When the wind set from the silver factories across the river the air of the gray fourfamily frame house where Fainy McCreary was born was choking all day with the smell of whaleoil soap. Other days it smelt of cabbage and babies and Mrs. McCreary’s washboilers. Fainy could never play at home because Pop, a lame cavechested man with a wispy blonde-gray mustache, was nightwatchman at the Chadwick Mills and slept all day. It was only round five o’clock that a curling whiff of tobacco smoke would seep through from the front room into the kitchen. That was a sign that Pop was up and in good spirits, and would soon be wanting his supper.

Then Fainy would be sent running out to one of two corners of the short muddy street of identical frame houses where they lived.
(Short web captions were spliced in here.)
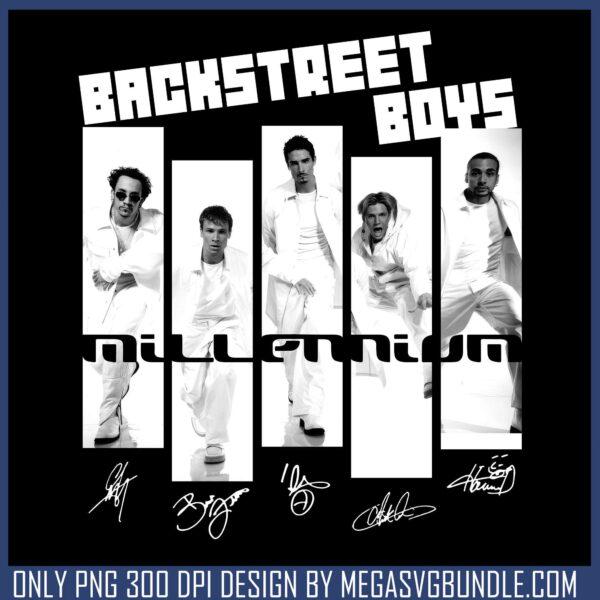 Millennium white signature png, 90s pop songs​ png, backstreet boys​ png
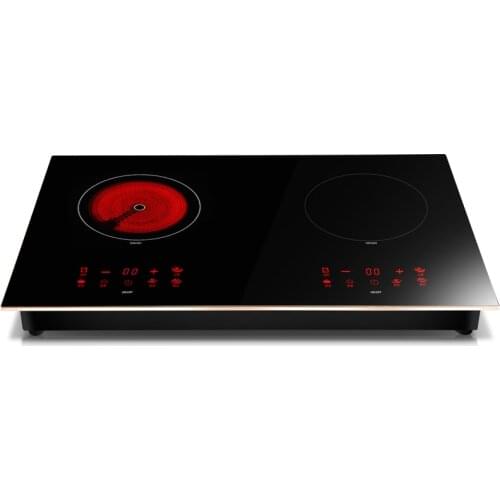2200W*2 Induction Cooker Smart Double-head Electric Ceramic Stove Desktop Double Stove Induction Cooker Stir Fry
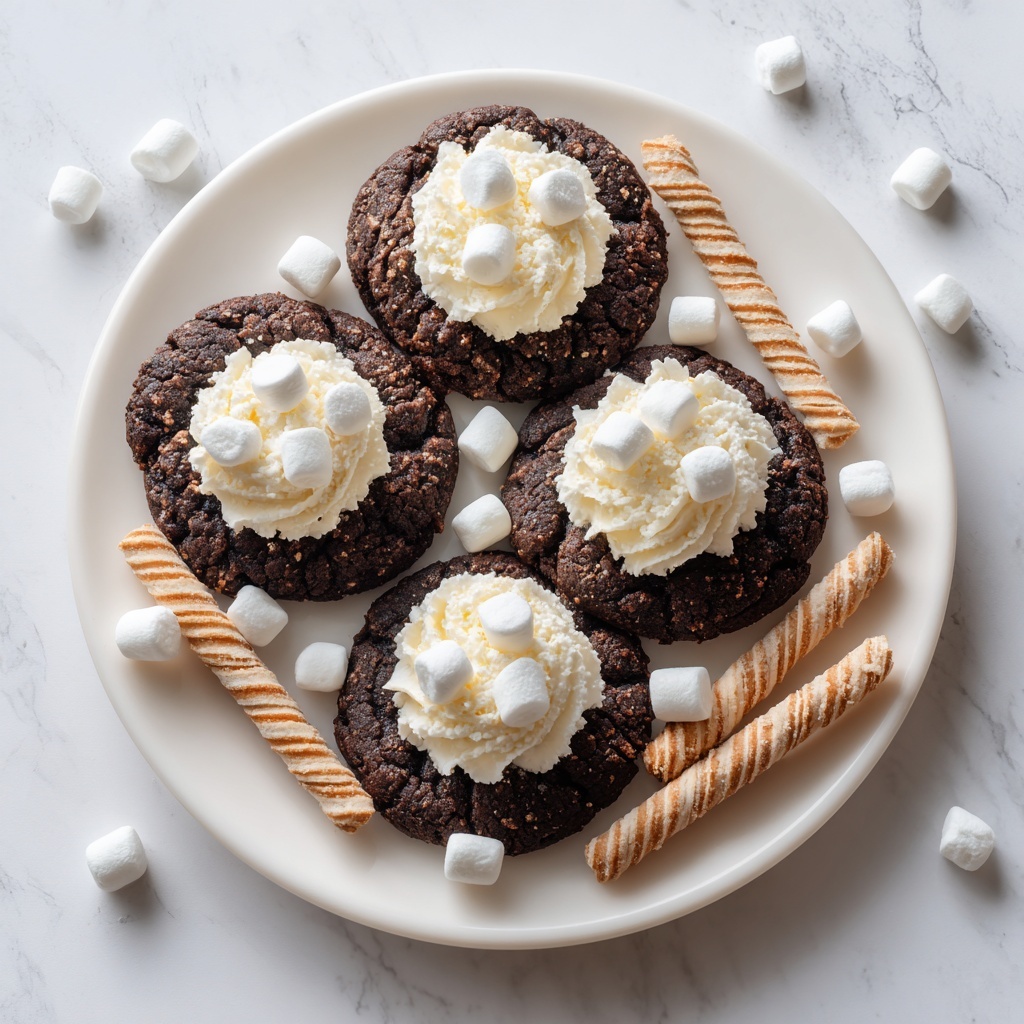 Hot Cocoa Cookies with Marshmallow Buttercream Bliss Recipe - Recipe Image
To the right it was half a block to Finley’s where he would have to wait at the bar in a forest of mudsplattered trouserlegs until all the rank brawling mouths of grownups had been stopped with beers and whiskeys. Then he would walk home, making each step very carefully, with the handle of the pail of suds cutting into his hand.

To the left it was half a block to Maginnis’s Fancy Groceries, Home and Imported Products. Fainy liked the cardboard Cream of Wheat darkey in the window, the glass case with different kinds of salami in it, the barrels of potatoes and cabbages, the brown smell of sugar, sawdust, ginger, kippered herring, ham, vinegar, bread, pepper, lard.

“A loaf of bread, please, mister, a half pound of butter and a box of ginger snaps.”

Some evenings, when Mom felt poorly, Fainy had to go further; round the corner past Maginnis’s, down Riverside Avenue where the trolley ran, and across the red bridge over the little river that flowed black between icy undercut snowbanks in winter, yellow and spuming in the spring thaws, brown and oily in summer. Across the river all the way to the corner of Riverside and Main, where the drugstore was, lived Bohunks and Polaks. Their kids were always fighting with the kids of the Murphys and O’Haras and O’Flanagans who lived on Orchard Street.